[Stored items]
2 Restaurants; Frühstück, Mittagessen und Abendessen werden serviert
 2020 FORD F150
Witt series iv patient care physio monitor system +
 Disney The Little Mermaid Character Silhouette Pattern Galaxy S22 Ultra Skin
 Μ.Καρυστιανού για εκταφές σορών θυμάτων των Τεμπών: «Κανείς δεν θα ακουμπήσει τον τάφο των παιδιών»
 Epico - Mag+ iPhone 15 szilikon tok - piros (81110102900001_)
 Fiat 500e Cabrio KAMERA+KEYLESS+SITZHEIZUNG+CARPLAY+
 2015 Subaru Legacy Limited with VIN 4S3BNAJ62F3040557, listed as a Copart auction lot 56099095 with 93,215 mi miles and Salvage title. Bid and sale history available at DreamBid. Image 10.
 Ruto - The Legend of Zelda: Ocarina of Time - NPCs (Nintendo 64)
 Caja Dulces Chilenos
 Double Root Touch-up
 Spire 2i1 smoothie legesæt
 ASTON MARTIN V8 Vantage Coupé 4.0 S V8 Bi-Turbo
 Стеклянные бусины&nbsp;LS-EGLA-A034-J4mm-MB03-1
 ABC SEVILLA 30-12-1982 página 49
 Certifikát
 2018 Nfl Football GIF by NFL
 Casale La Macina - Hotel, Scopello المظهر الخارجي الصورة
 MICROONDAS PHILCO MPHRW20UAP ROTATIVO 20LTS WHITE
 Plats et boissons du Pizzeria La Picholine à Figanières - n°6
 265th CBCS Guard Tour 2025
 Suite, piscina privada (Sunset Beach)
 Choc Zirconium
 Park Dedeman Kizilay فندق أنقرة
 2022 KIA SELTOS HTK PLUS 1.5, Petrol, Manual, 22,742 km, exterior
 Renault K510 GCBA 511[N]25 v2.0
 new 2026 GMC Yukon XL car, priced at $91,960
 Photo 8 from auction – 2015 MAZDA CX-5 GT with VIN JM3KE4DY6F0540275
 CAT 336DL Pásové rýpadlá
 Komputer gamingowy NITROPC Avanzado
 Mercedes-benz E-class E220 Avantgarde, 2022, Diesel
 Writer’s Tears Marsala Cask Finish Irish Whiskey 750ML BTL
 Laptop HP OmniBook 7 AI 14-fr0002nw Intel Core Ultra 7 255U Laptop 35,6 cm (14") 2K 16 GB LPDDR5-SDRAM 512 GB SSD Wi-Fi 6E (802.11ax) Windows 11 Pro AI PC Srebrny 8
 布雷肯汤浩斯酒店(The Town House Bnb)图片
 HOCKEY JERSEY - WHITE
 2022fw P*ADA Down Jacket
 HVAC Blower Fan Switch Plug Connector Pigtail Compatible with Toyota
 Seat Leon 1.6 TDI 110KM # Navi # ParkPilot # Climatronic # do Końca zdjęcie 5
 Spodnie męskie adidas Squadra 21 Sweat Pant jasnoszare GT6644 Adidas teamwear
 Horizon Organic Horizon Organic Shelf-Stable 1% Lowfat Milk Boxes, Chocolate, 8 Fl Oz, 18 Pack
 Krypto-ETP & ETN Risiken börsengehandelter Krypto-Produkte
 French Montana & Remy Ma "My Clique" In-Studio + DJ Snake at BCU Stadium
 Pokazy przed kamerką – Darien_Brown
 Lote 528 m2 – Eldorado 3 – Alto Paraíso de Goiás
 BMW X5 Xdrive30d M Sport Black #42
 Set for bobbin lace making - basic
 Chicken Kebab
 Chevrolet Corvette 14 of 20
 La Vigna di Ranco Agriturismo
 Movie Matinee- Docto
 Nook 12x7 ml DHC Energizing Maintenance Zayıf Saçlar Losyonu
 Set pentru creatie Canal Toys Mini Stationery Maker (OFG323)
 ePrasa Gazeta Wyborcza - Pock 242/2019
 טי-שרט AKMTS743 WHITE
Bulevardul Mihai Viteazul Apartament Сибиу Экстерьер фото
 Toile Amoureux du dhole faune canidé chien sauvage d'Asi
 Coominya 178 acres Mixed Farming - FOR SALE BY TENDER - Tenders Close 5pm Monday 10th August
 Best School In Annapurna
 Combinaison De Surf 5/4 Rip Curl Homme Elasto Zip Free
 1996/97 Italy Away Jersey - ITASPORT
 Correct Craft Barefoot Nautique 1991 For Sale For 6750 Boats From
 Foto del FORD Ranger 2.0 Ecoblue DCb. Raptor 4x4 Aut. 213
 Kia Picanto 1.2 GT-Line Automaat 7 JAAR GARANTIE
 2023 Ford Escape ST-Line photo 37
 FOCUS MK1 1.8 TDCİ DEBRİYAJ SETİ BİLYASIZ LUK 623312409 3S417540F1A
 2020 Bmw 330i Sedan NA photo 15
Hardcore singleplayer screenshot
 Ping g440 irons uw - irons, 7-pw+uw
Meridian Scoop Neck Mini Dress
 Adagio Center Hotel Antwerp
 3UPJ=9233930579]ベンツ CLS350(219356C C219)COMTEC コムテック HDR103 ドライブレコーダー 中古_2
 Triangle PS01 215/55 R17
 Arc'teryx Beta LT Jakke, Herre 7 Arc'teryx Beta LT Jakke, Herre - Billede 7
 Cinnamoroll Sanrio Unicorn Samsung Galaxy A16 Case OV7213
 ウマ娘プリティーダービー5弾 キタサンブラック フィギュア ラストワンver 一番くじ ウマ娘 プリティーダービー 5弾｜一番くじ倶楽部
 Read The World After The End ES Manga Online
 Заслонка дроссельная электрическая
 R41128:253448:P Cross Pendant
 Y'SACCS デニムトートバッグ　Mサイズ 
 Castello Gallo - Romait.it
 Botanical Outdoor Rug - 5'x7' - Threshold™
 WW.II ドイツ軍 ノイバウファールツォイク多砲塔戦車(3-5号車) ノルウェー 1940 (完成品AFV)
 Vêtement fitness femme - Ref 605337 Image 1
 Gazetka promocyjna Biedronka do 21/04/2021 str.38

**Task item**.
The reply should consist solely of the lines above from the one that has "Suite, piscina privada (Sunset Beach)" through the one that has "Komputer gamingowy NITROPC Avanzado", reproduced exactly.

**Expected answer**.
 Suite, piscina privada (Sunset Beach)
 Choc Zirconium
 Park Dedeman Kizilay فندق أنقرة
 2022 KIA SELTOS HTK PLUS 1.5, Petrol, Manual, 22,742 km, exterior
 Renault K510 GCBA 511[N]25 v2.0
 new 2026 GMC Yukon XL car, priced at $91,960
 Photo 8 from auction – 2015 MAZDA CX-5 GT with VIN JM3KE4DY6F0540275
 CAT 336DL Pásové rýpadlá
 Komputer gamingowy NITROPC Avanzado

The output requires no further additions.